Are there actually any new colours?
No. Colours, strictly speaking, are places on the unbroken continuum of light that we see in a rainbow. There aren't any new ones. Scientists have found that people can distinguish at least a million different colours, though we can name only the ones we have names for.
That is, we could have identified Tangerine Tango as "orange" or maybe "red orange," but until Pantone named it their Colour of the Year for 2012, most of us couldn't have distinguished this particular shade of orange as Tangerine Tango.
Pantone has more than 1,100 different names for colours -- many more than most of us would ever use, but still many fewer than our eyes are able to distinguish.
So what does it mean when we have "new" colours each season?
The last time Pantone chose orange for the colour of the year was in 2004, when Tigerlily was the queen of colours.
Chances are good that most of us, asked to pick between Tangerine Tango and Tiger Lily, would have a hard time. Even if we had a clear preference for one over the other, if we then went out looking for a lamp to match one shade or the other, we'd have a hard time picking the "right" shade with confidence.

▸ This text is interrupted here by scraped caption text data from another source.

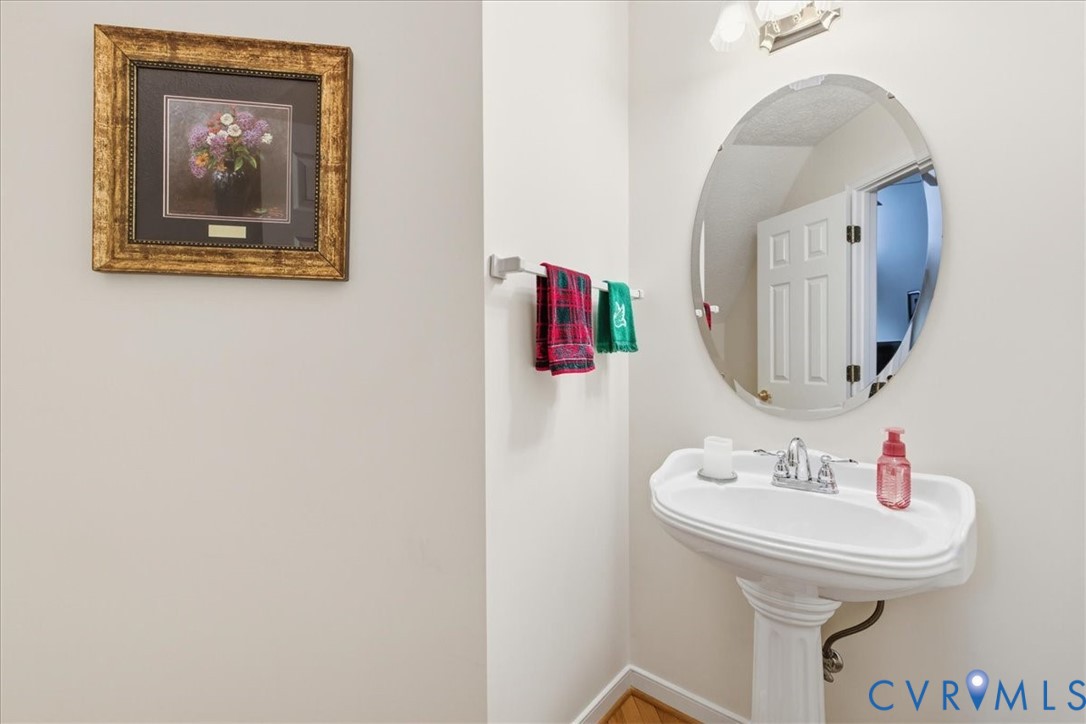 4601 Fall Harvest Court Prince George, VA 23875 - Photo 24 of 49 a bathroom with a sink and a mirror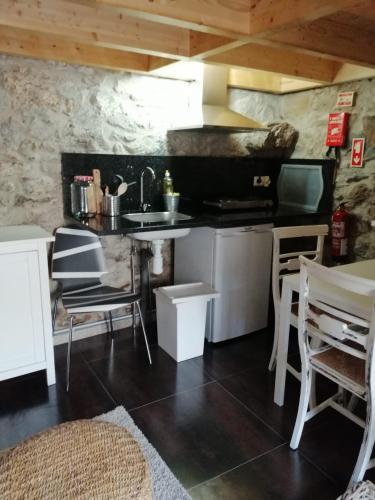 a kitchen with a sink and a table and chairs at Casa da Portela in Caminha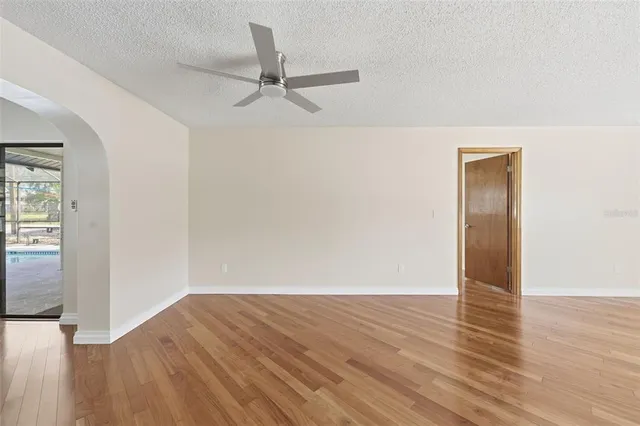 a view of a room with wooden floor and a window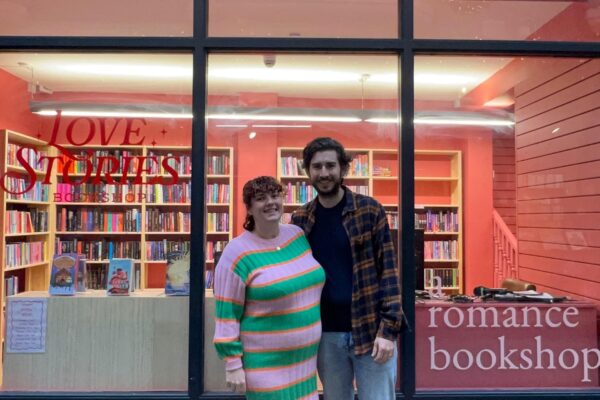 Aimee and Charlie Cummings outside Love Stories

So why do we even have new colours each season? It's actually something about the human brain. We get used to seeing one set of colours -- say, the warm pinks and greens of 2011 -- and when we see the deep blues and red-oranges of 2012 we find them much more exciting.
This is because our brains naturally quit responding to information we've seen before.They have to. We can't go around getting excited about the colour of the sky every moment that we see it, and equally excited about all the other sensations in the world. We wouldn't be able to concentrate at all if we did that. Our brains protect us by responding differently to new information than to old information.
New colours have been out of style for a while, or they're a bit different from the almost-identical version of the colour that was popular last year, so they look new to us. We may not like them at first, or we may be excited to see a colour we love but which hasn't been around recently. Either way, they get our full attention.